PROBLEM DETAILS: Transcribe the records below in full; pictures stay out of the copy.

╔══

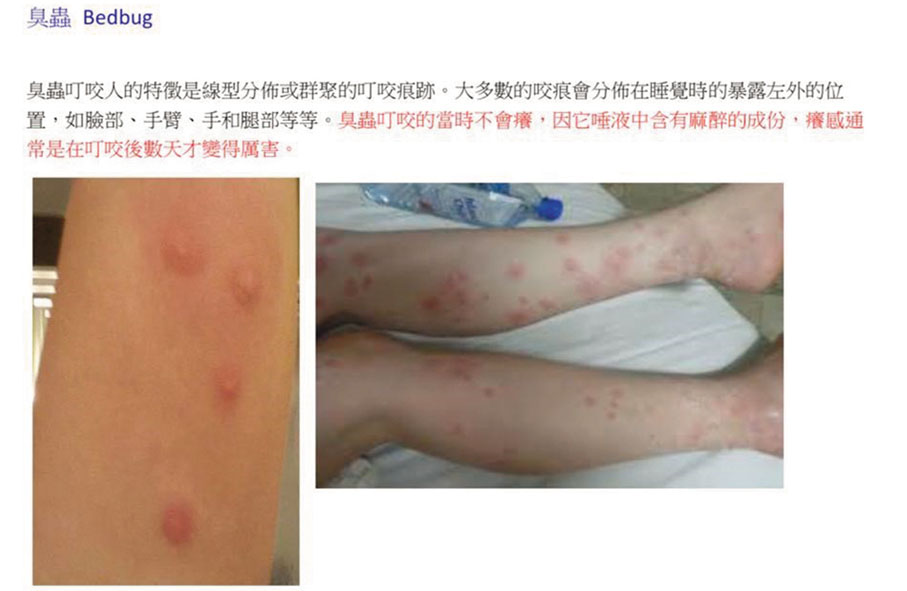 ◆床蝨一般於晚上由藏身處爬出，叮咬人類裸露在外的皮膚。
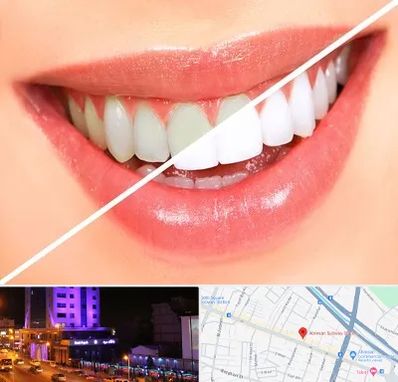 بلیچینگ دندان در آبرسان تبریز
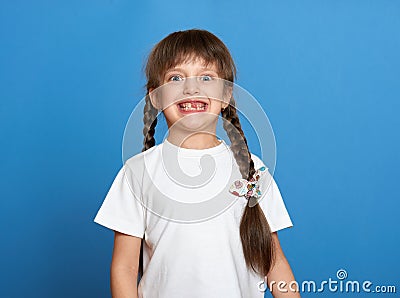 Happy lost tooth girl portrait, studio shoot on blue background Stock Photo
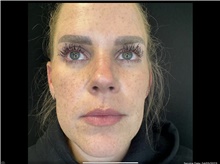Injectable Fillers Before Photo by David Rapaport, MD; New York, NY - Case 47643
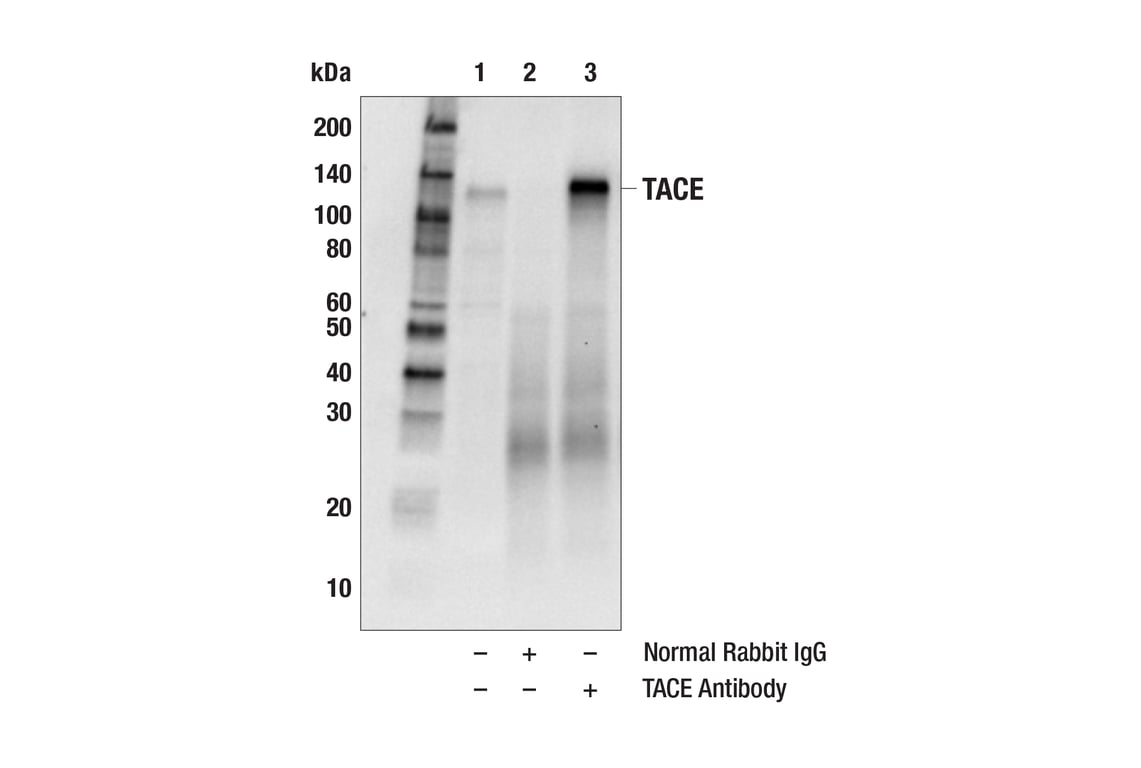 Immunoprecipitation Image 1: TACE Antibody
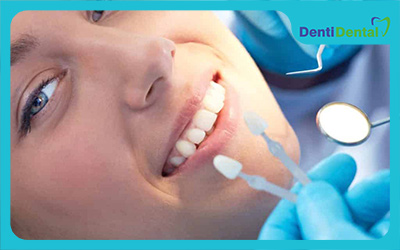 کامپوزیت رایج ترین مواد ترمیمی دندان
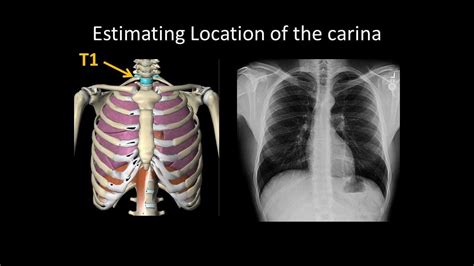 Basic Chest Radiology Et Tube Position And Complications Youtube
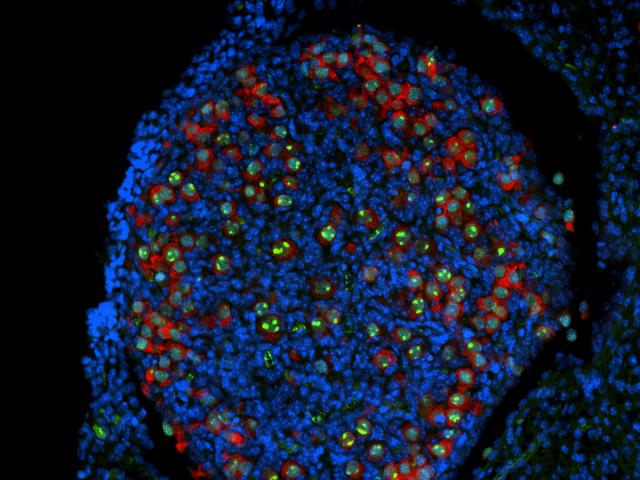 A fluorescence microscopy image of an ovary section, with blue-stained nuclei, red proteins, and green molecular markers, highlighting cellular organization and function.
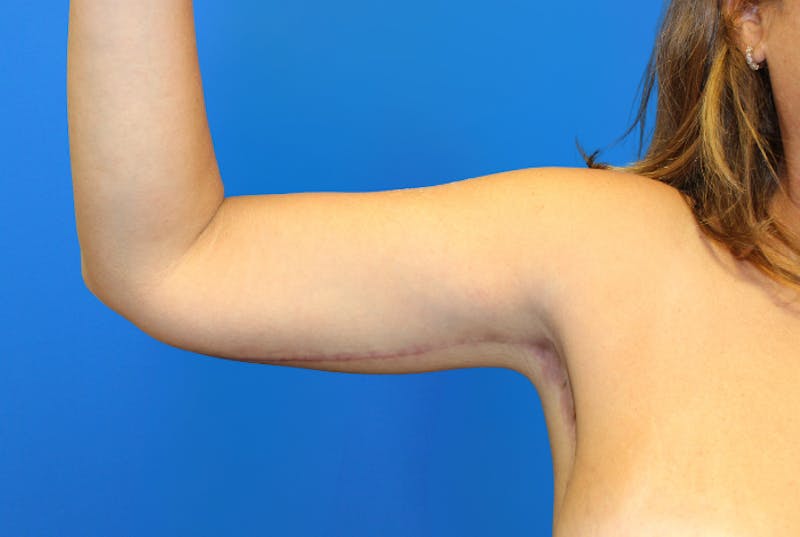 Brachioplasty Before & After Gallery - Patient 428159 - Image 4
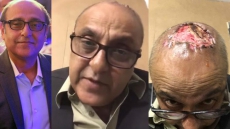 WATCH: Pakistani Actor Sajid Hasan Reveals Harrowing Case Of Hair Transplant Mishap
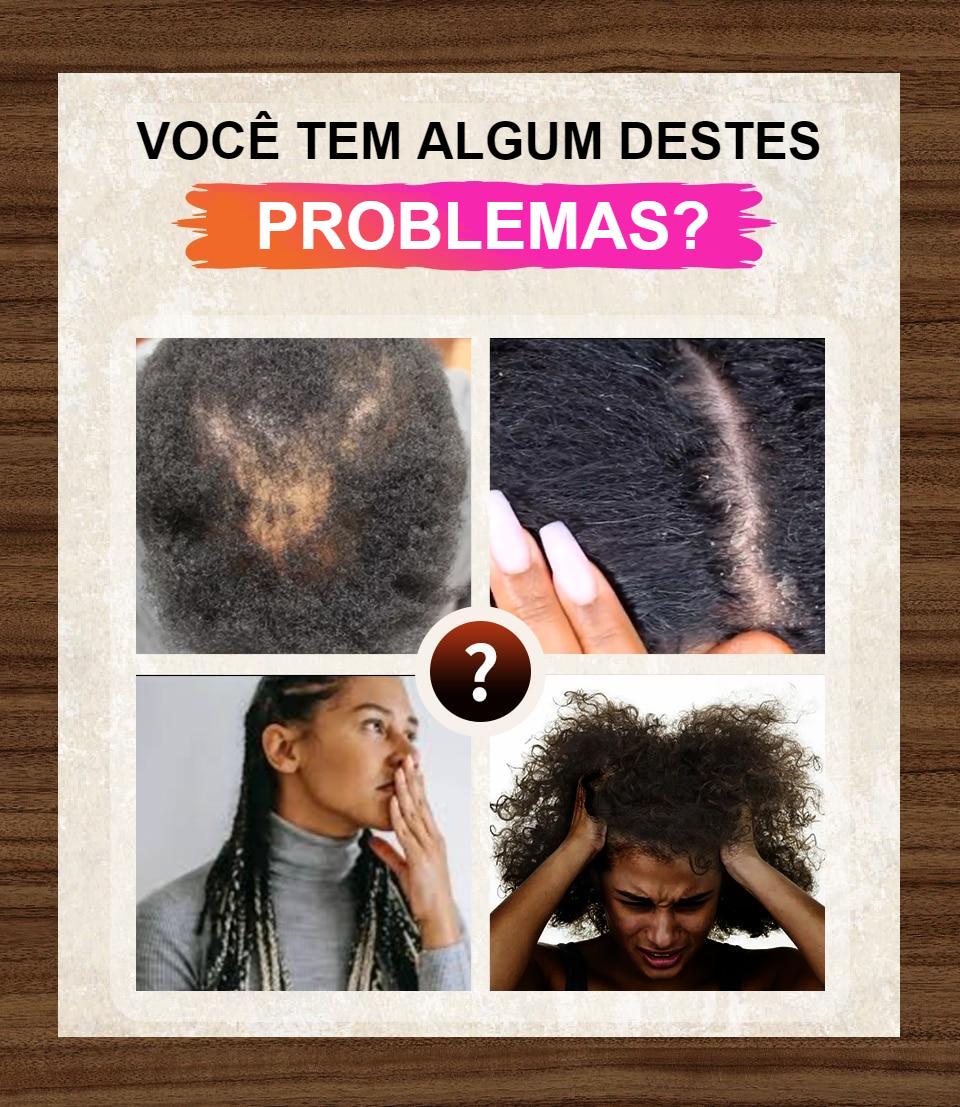 Óleo Para Crescimento do Cabelo - Anti-Queda, Engrossamento e Fortalecimento - Óleo de Chede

╚══

RESPONSE TO THIS EXERCISE:
 ◆床蝨一般於晚上由藏身處爬出，叮咬人類裸露在外的皮膚。
 بلیچینگ دندان در آبرسان تبریز
 Happy lost tooth girl portrait, studio shoot on blue background Stock Photo
Injectable Fillers Before Photo by David Rapaport, MD; New York, NY - Case 47643
 Immunoprecipitation Image 1: TACE Antibody
 کامپوزیت رایج ترین مواد ترمیمی دندان
 Basic Chest Radiology Et Tube Position And Complications Youtube
 A fluorescence microscopy image of an ovary section, with blue-stained nuclei, red proteins, and green molecular markers, highlighting cellular organization and function.
 Brachioplasty Before & After Gallery - Patient 428159 - Image 4
 WATCH: Pakistani Actor Sajid Hasan Reveals Harrowing Case Of Hair Transplant Mishap
 Óleo Para Crescimento do Cabelo - Anti-Queda, Engrossamento e Fortalecimento - Óleo de Chede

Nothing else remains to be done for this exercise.